There are not many people who don’t know that I have an obsession with radio. I love listening to the witty banter of the morning show hosts, as they talk about the hot topics of the day with a local flare. On my morning commute to work I often find my mind engulfed in everything they have to say, and I’m mesmerized by the personal sagas of the guests they interview.
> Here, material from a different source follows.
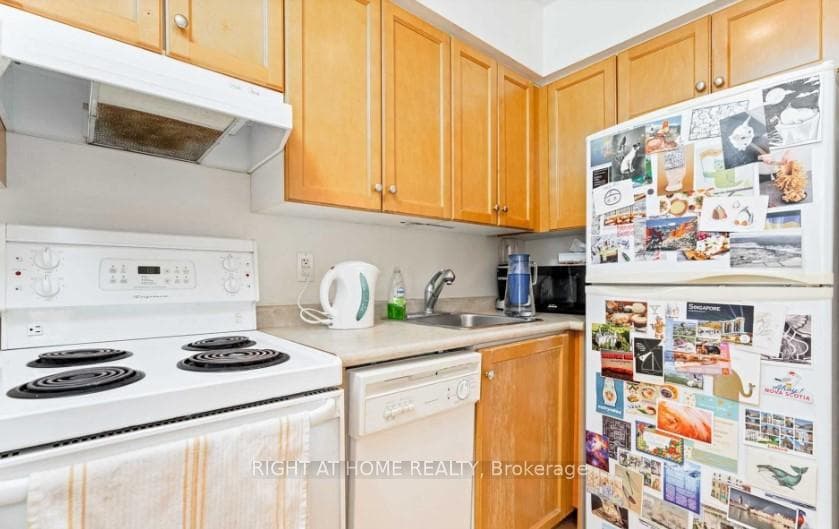 210 Victoria Street Unit 612 photo 10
This morning while stopped at a red light on my way to work I was enjoying my morning ritual when a light blue Cadillac hearse crossed the intersection in front of me. There was nothing remarkable about the series of events that led the car to be in my path, but suddenly, I wasn’t in my car anymore, I was sitting in the back seat of the hearse. I was wearing a thick black cotton maternity/nursing dress that had gone slightly knobby from wear, and it was a little loose on my 4 day post partum body. And on the seat next to me was a small white box. My arm clutched around it. It was holding the dead body of my daughter. The last time I would ever hold her close. In a small white box, in the middle of the back seat of a pale blue hearse. Wearing a knobby black cotton dress. And my throat burned. And my eyes ached. And I could feel the texture of the box as I dug my fingernails in and held on like my life was in that box, because it was.
And then I blinked and my light turned green, the local hosts threw to their roving traffic reporter and I cleared my throat and kept on driving to work.